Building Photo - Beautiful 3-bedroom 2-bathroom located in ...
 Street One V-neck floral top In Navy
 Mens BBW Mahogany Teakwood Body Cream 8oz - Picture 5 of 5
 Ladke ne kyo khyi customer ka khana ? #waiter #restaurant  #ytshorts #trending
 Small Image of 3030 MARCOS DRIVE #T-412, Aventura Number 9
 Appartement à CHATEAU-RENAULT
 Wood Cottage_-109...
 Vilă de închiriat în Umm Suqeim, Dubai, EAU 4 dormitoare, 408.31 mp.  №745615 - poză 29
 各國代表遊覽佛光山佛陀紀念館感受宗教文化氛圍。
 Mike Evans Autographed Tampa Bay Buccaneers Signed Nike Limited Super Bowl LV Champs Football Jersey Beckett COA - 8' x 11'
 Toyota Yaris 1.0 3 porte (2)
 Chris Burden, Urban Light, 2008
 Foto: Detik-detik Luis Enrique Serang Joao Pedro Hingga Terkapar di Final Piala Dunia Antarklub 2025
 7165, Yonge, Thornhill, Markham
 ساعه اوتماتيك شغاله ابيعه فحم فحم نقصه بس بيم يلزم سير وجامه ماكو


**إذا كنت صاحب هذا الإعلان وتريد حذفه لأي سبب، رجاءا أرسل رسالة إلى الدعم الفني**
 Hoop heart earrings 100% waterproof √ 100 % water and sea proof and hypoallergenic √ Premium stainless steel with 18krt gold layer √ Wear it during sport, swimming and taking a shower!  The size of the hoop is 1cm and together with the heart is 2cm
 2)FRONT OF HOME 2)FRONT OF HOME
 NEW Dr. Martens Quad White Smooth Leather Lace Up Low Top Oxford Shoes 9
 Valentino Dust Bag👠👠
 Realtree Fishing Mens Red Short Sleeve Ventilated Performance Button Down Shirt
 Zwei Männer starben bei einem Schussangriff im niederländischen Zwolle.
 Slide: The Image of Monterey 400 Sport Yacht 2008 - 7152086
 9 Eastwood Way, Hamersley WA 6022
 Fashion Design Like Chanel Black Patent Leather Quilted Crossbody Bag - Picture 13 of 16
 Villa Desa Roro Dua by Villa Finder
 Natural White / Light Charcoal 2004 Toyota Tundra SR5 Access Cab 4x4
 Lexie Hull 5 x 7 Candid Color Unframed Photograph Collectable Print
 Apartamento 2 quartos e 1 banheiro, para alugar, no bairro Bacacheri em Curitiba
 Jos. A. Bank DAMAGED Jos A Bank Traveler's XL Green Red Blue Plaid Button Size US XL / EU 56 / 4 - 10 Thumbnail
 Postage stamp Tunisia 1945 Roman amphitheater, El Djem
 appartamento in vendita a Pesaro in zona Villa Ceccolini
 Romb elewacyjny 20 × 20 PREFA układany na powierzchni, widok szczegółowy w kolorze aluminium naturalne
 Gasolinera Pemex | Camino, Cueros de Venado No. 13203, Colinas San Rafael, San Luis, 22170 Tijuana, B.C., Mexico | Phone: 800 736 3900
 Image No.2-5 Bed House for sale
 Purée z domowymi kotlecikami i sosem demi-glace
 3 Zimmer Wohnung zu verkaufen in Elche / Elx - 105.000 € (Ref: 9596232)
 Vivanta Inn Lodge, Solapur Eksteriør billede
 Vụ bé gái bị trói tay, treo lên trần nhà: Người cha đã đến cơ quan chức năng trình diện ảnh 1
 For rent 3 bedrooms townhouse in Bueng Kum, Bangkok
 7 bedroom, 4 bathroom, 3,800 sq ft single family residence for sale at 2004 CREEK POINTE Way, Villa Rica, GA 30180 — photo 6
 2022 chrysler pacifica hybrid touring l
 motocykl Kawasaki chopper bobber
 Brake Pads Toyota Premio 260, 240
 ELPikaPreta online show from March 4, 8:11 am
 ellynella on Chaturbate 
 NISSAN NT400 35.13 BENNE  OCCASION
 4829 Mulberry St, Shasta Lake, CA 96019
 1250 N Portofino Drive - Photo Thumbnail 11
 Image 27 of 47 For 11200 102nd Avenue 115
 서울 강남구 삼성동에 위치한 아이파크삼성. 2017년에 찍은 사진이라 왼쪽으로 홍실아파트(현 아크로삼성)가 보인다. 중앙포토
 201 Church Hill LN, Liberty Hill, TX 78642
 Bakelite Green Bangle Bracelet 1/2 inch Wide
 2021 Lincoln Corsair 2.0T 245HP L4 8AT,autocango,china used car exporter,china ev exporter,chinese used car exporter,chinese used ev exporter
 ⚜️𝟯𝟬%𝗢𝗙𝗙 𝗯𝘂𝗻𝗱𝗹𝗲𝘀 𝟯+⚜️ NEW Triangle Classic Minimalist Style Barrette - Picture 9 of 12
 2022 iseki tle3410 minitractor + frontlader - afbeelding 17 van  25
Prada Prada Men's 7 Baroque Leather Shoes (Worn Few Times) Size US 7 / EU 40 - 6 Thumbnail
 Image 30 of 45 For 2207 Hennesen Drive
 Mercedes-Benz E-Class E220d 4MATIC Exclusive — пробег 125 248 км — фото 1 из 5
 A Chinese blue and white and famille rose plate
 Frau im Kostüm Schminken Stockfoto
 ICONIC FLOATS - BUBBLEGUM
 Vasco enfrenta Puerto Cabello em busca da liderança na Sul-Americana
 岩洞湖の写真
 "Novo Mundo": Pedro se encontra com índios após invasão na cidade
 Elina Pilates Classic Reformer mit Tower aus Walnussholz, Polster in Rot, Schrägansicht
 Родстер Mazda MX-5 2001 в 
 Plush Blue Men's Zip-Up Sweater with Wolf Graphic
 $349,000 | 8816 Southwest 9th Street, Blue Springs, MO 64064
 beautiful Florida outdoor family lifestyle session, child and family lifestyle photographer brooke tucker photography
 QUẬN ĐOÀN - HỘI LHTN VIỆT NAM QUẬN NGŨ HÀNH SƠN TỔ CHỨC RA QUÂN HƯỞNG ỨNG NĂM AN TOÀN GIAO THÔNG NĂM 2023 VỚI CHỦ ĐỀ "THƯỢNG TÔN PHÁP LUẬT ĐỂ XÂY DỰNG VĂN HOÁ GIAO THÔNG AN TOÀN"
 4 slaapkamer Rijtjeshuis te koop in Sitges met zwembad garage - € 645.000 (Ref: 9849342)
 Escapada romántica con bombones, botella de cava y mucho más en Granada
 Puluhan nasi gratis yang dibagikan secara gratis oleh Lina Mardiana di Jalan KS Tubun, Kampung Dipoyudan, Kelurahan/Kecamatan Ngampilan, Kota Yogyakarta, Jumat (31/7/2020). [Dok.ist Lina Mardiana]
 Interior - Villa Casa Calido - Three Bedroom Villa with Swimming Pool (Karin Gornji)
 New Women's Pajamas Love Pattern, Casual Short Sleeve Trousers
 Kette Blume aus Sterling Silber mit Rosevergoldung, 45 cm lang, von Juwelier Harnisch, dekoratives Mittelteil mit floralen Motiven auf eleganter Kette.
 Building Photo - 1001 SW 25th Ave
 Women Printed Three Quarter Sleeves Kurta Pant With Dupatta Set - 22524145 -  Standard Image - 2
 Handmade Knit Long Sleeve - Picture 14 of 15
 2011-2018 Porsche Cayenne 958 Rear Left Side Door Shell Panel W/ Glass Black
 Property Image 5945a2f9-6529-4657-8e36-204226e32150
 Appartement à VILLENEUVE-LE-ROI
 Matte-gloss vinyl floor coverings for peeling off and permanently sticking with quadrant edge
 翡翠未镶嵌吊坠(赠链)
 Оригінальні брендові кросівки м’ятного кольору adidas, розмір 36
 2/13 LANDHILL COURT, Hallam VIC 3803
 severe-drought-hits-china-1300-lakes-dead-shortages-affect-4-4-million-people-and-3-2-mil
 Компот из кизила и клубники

_____

## PROMPT
Among the records above, which lines hold the word "Image"? Copy each one.

## RESPONSE FOR THIS EXERCISE
 Small Image of 3030 MARCOS DRIVE #T-412, Aventura Number 9
 Slide: The Image of Monterey 400 Sport Yacht 2008 - 7152086
 Image No.2-5 Bed House for sale
 Image 27 of 47 For 11200 102nd Avenue 115
 Image 30 of 45 For 2207 Hennesen Drive
 Women Printed Three Quarter Sleeves Kurta Pant With Dupatta Set - 22524145 -  Standard Image - 2
 Property Image 5945a2f9-6529-4657-8e36-204226e32150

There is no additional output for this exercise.